_ACTIVITY_. Among the entries that follow, locate the line with "What's up guys, it's" and the line with "Hello everyone, how". Output those lines and all lines in between, exactly, minus the pictures.

_TASK INPUTS_.
- Opening Delimiter -
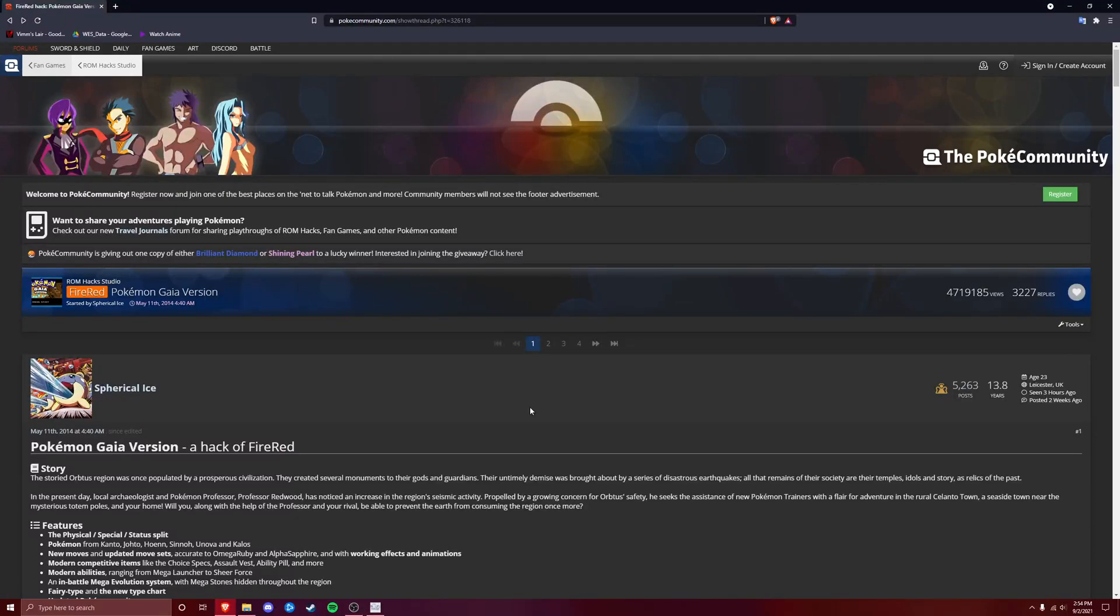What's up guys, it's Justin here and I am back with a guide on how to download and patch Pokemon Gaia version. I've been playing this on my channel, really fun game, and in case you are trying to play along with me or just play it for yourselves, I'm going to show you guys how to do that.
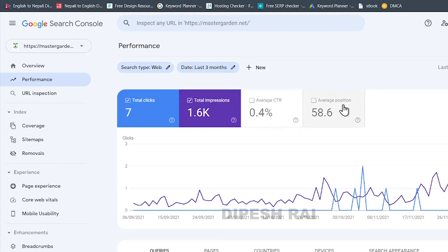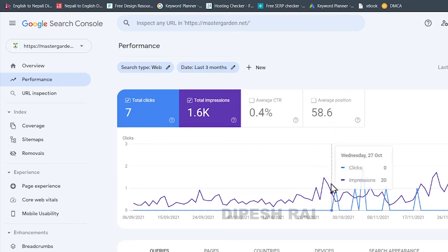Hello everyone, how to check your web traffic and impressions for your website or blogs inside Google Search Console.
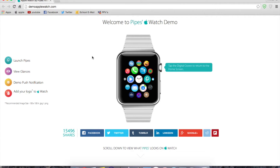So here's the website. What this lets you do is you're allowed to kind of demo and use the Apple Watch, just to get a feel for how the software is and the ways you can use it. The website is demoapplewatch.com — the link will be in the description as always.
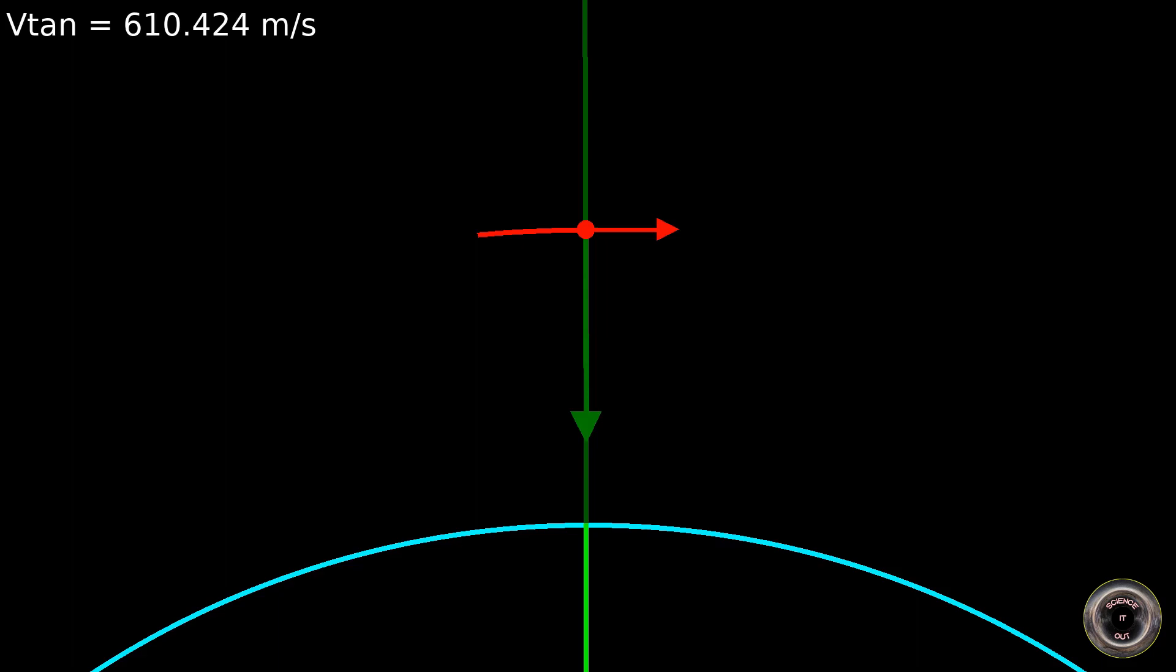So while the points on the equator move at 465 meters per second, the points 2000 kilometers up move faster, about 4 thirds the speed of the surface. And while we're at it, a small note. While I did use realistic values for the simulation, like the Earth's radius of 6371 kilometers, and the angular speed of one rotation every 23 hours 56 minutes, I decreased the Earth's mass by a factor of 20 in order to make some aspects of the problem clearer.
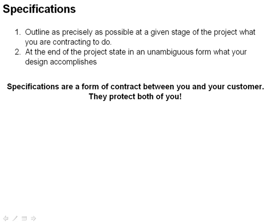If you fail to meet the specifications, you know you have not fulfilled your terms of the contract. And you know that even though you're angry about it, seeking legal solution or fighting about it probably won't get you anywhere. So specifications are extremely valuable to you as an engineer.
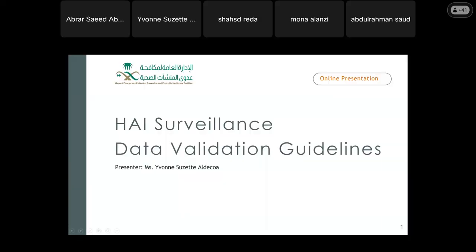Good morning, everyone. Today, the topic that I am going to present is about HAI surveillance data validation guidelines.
- Closing Delimiter -
- Opening Delimiter -
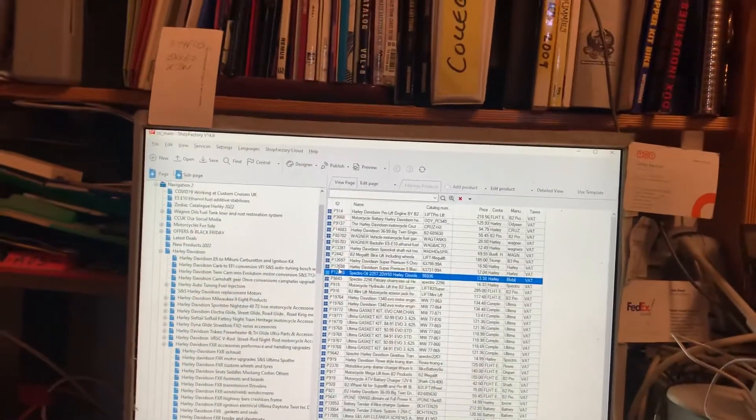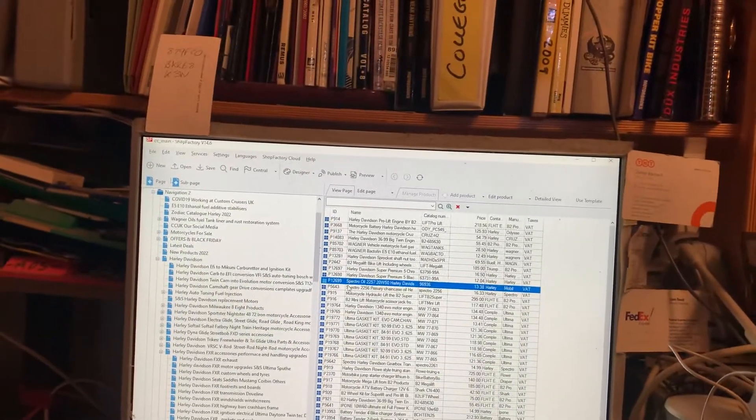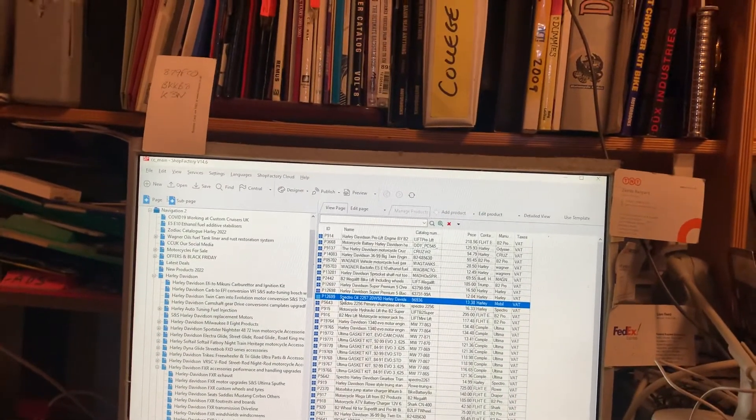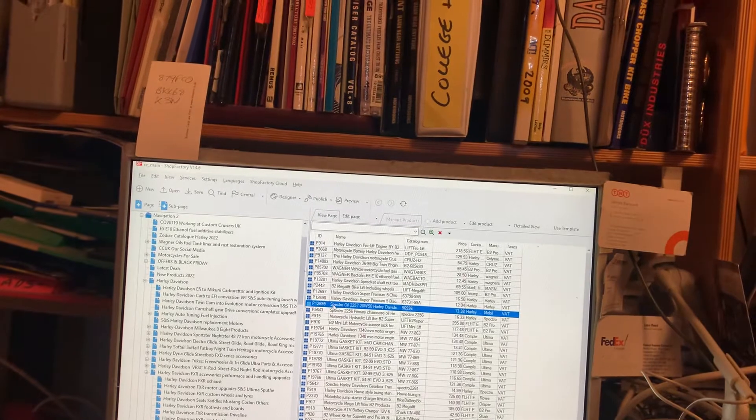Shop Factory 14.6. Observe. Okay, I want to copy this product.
- Closing Delimiter -
_RESPONSE TO THIS TASK_.
What's up guys, it's Justin here and I am back with a guide on how to download and patch Pokemon Gaia version. I've been playing this on my channel, really fun game, and in case you are trying to play along with me or just play it for yourselves, I'm going to show you guys how to do that.
Hello everyone, how to check your web traffic and impressions for your website or blogs inside Google Search Console.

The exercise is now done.